Il n’est pas rare que le trio réintroduise des morceaux de ses installations antérieures dans de nouvelles expositions, proposant ainsi une critique face à son propre discours. Dans le cadre de l’exposition bgl : Sculpteurs Bonimenteurs présentée en 2013 au Musée d’art contemporain des Laurentides, à Saint-Jérôme, les trois artistes se penchent sur le thème de la banlieue, sur l’uniformisation et l’individualisme sous-tendus par cette réalité sociale. Pour ce faire, ils réintroduisent la voiture de bois présentée dans l’installation Perdus dans la nature à la fin des années 1990. Ainsi décontextualisé et projeté dans un lieu autre, ce morceau raconte une nouvelle histoire et permet un dialogue inédit, selon les créateurs se décrivant comme des tricheurs et des conteurs.

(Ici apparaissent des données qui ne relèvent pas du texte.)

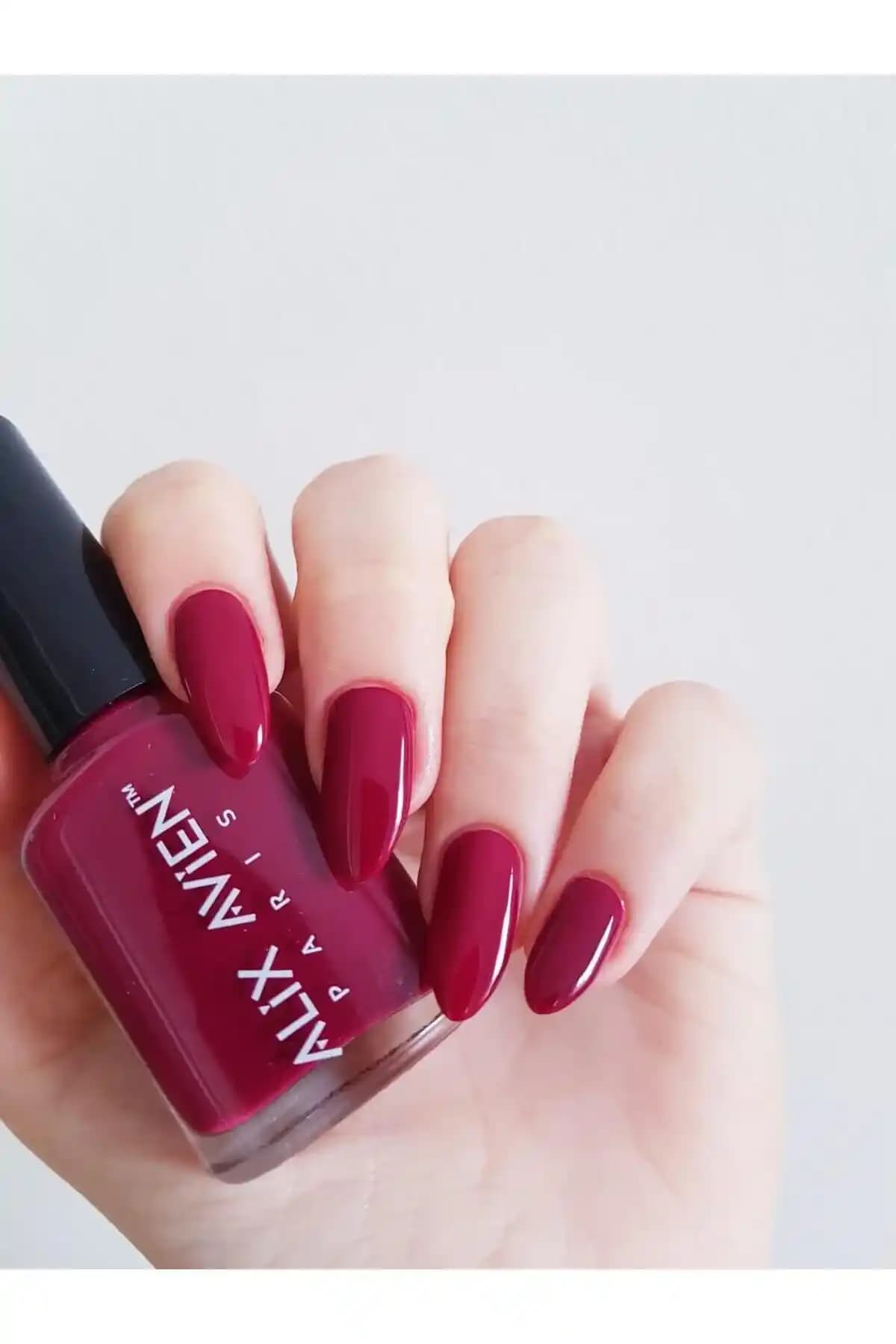 Alix Avien’in bordo ve saks mavi oje renkleriyle stilinizi tamamlayın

Après avoir participé à la Biennale de La Havane en 2006 et aux biennales d’Ushuaia et de Montréal l’année suivante, BGL a été sélectionné en 2014 pour représenter le Canada à la 56e Exposition internationale d’art de la Biennale de Venise 2015. En partenariat avec la commissaire invitée Marie Fraser, le trio y propose un pavillon canadien transformé en dépanneur, placardé de publicités de bières canadiennes et d’affiches de Loto-Québec. Dans une seconde salle s’empilent des centaines de contenants métalliques couverts de coulisses multicolores de peinture et contenant des pinceaux de toutes tailles; ces boîtes de conserve de sauce tomate Heinz et de maïs Géant Vert, produits alimentaires économiques, détonnent avec ironie dans ce contexte artistique de grande renommée. Encore une fois, le modus operandi du trio repose sur une déstabilisation du spectateur grâce à des illusions et des travestissements ironiques.

Le collectif québécois est aujourd’hui représenté par la galerie Parisian Laundry à Montréal et par Galerie 3 à Québec. On retrouve de ses œuvres dans de nombreux musées canadiens, dont le Musée d’art contemporain de Montréal et le Musée des beaux-arts du Canada, à Ottawa.